1. L’identité de l’employeur et de l’établissement d’accueil
Le Cerfa d’apprentissage commence par les informations d’identification de l’entreprise. Pour éviter un rejet ou une demande de correction, réunissez d’abord les données administratives exactes de l’établissement qui accueillera l’apprenti. Service-Public rappelle que l’employeur doit notamment renseigner le SIRET, la convention collective applicable et les éléments d’identification de l’entreprise dans le dossier Établir un contrat d’apprentissage.
- Raison sociale : dénomination juridique complète de l’entreprise, telle qu’elle figure sur les documents officiels.
- SIRET de l’établissement d’accueil : numéro à 14 chiffres du site où l’apprenti travaillera réellement.
- Adresse de l’établissement : adresse du lieu d’exécution du contrat, distincte du siège si besoin.

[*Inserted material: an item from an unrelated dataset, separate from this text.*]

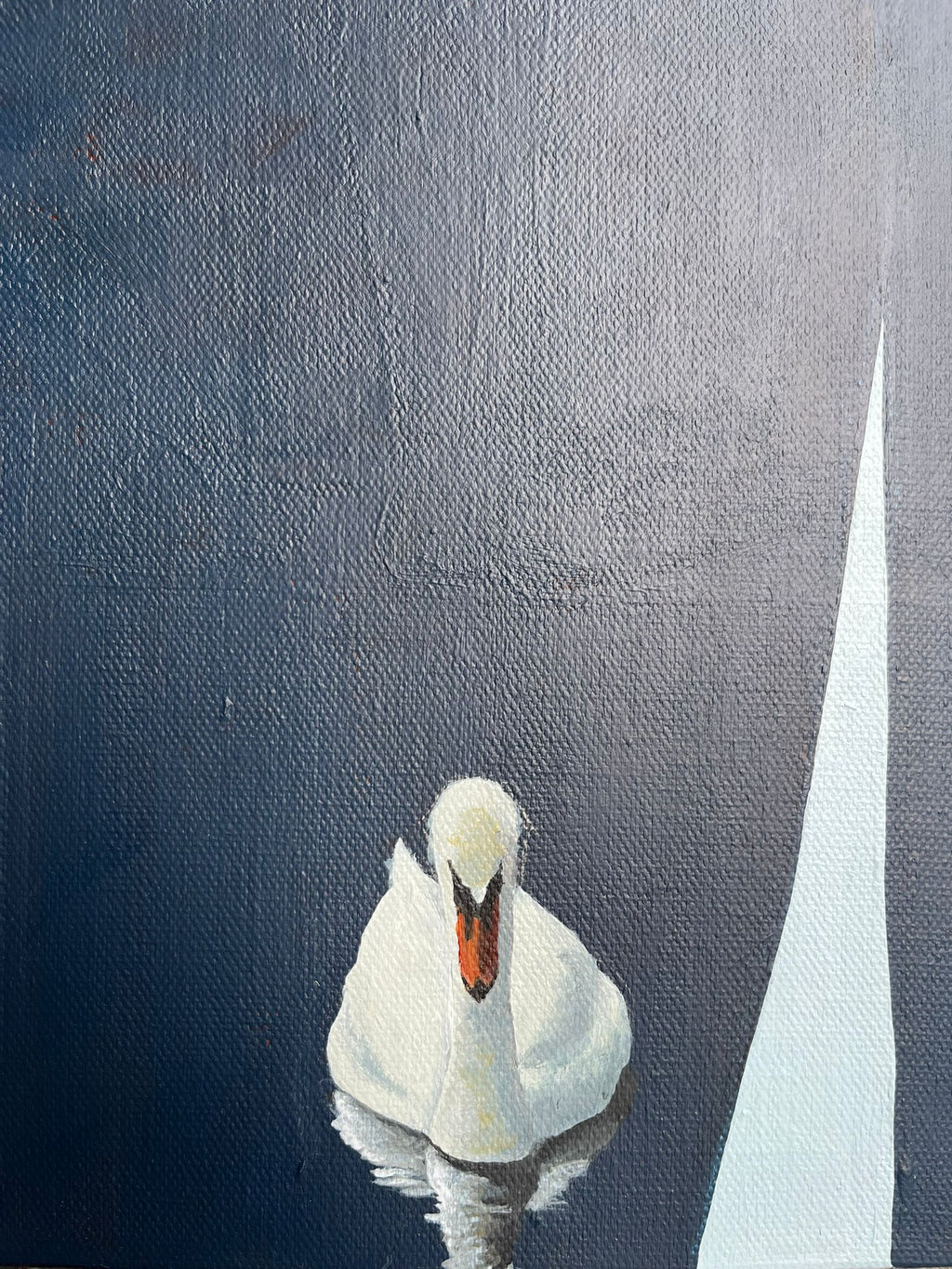 Swanning About The Park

- Référent dossier : nom, fonction et coordonnées de la personne qui suit la transmission vers l’OPCO.
Ces éléments doivent être vérifiés avant la saisie, car une incohérence entre l’établissement d’accueil et le SIRET peut compliquer le dépôt du contrat.
2. L’état civil de l’apprenti et, si besoin, du représentant légal
L’identité de l’apprenti doit être saisie avec exactitude dans le Cerfa. Les informations d’état civil demandées portent notamment sur le nom, le prénom, la date et le lieu de naissance, la nationalité et l’adresse. Elles doivent correspondre aux justificatifs présentés par le candidat.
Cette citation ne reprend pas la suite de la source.